An exact copy is required of the lines running from the one that contains "Yoga Clothes Set" to the end of the material, both ends included, with pictures omitted.
"""
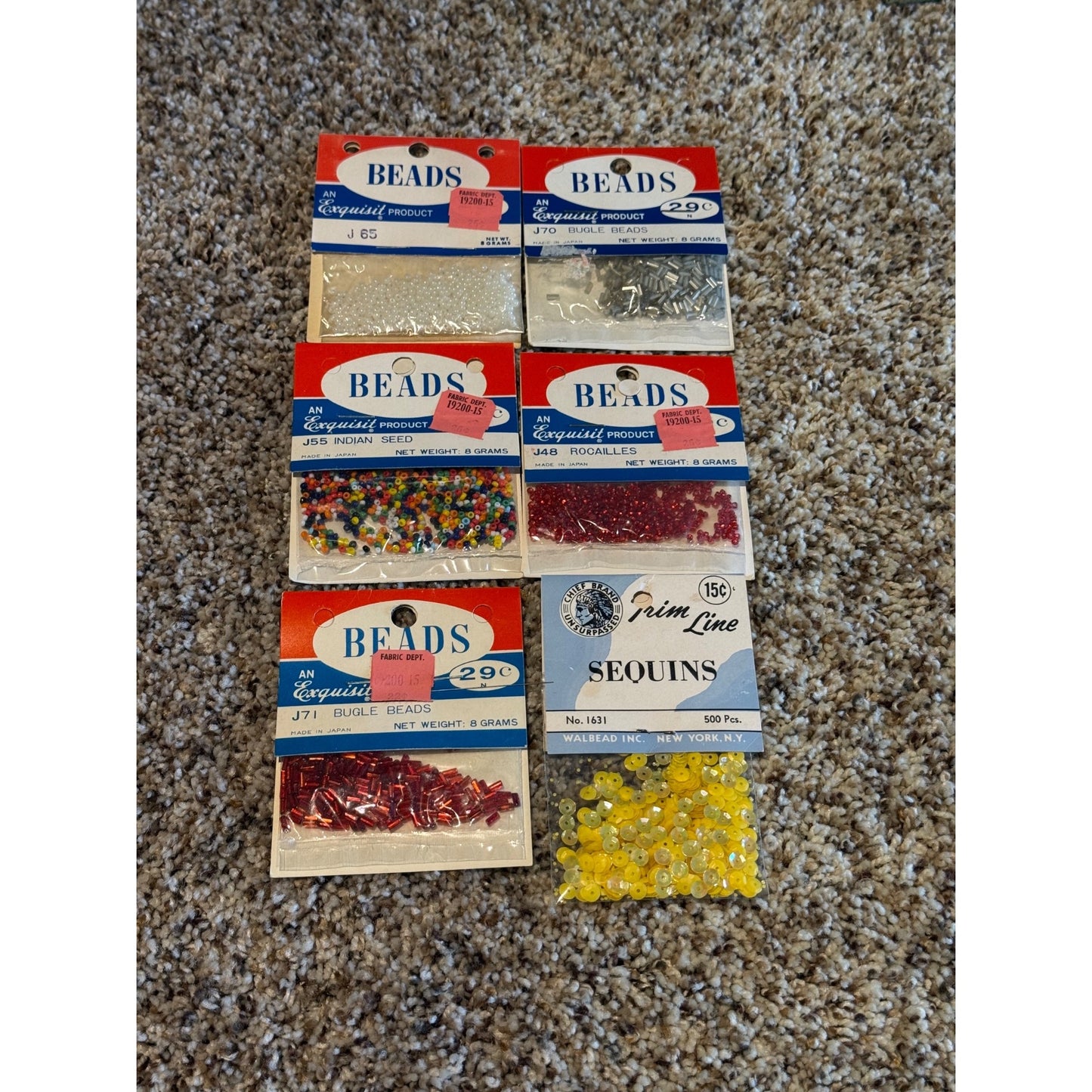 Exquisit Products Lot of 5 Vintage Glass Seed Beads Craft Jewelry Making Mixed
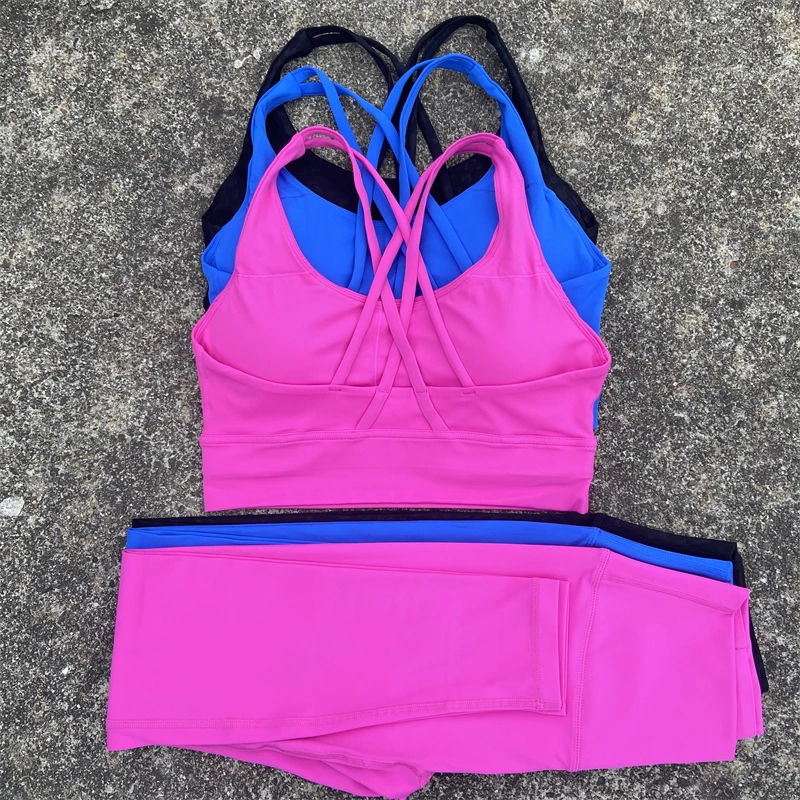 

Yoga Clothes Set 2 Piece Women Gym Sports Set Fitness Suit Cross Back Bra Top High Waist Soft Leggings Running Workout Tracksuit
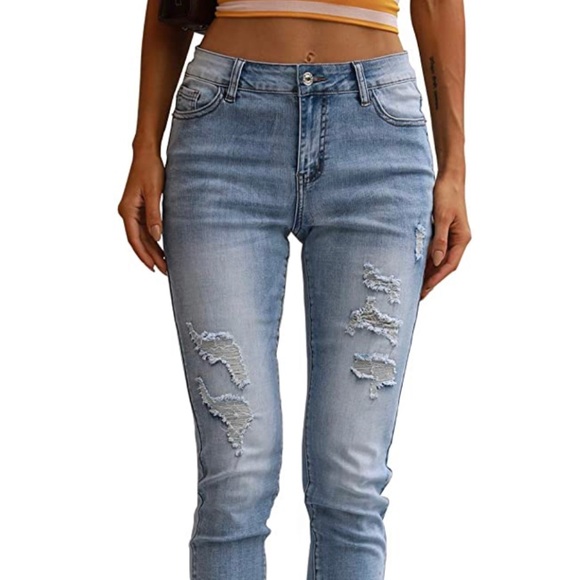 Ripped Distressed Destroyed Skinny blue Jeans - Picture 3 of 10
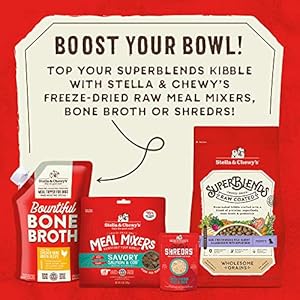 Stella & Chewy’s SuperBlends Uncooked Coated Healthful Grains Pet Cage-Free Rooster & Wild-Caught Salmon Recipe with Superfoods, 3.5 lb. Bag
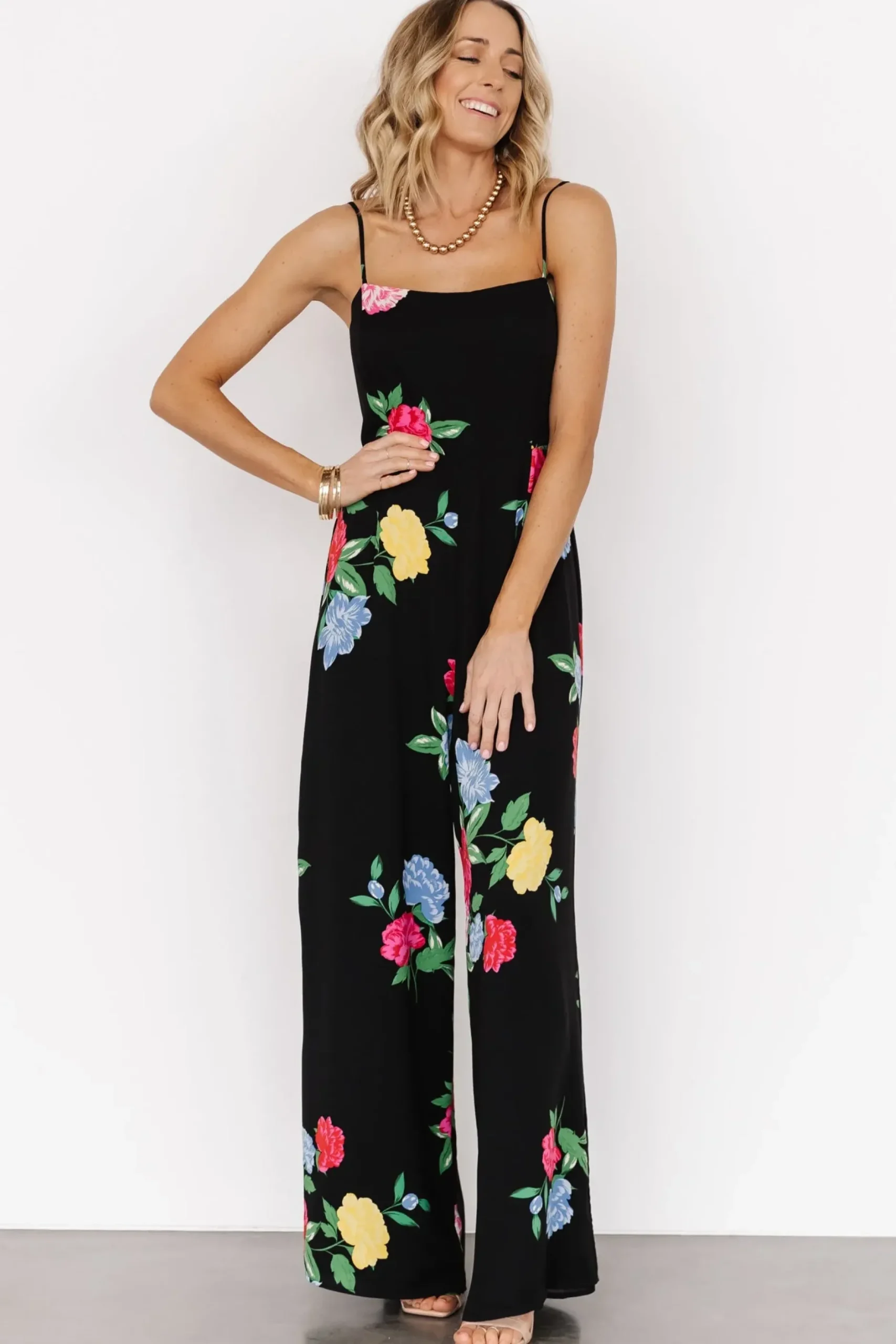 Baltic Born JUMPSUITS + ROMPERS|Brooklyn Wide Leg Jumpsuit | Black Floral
"""
* [TASK RESULT]
Yoga Clothes Set 2 Piece Women Gym Sports Set Fitness Suit Cross Back Bra Top High Waist Soft Leggings Running Workout Tracksuit
 Ripped Distressed Destroyed Skinny blue Jeans - Picture 3 of 10
 Stella & Chewy’s SuperBlends Uncooked Coated Healthful Grains Pet Cage-Free Rooster & Wild-Caught Salmon Recipe with Superfoods, 3.5 lb. Bag
 Baltic Born JUMPSUITS + ROMPERS|Brooklyn Wide Leg Jumpsuit | Black Floral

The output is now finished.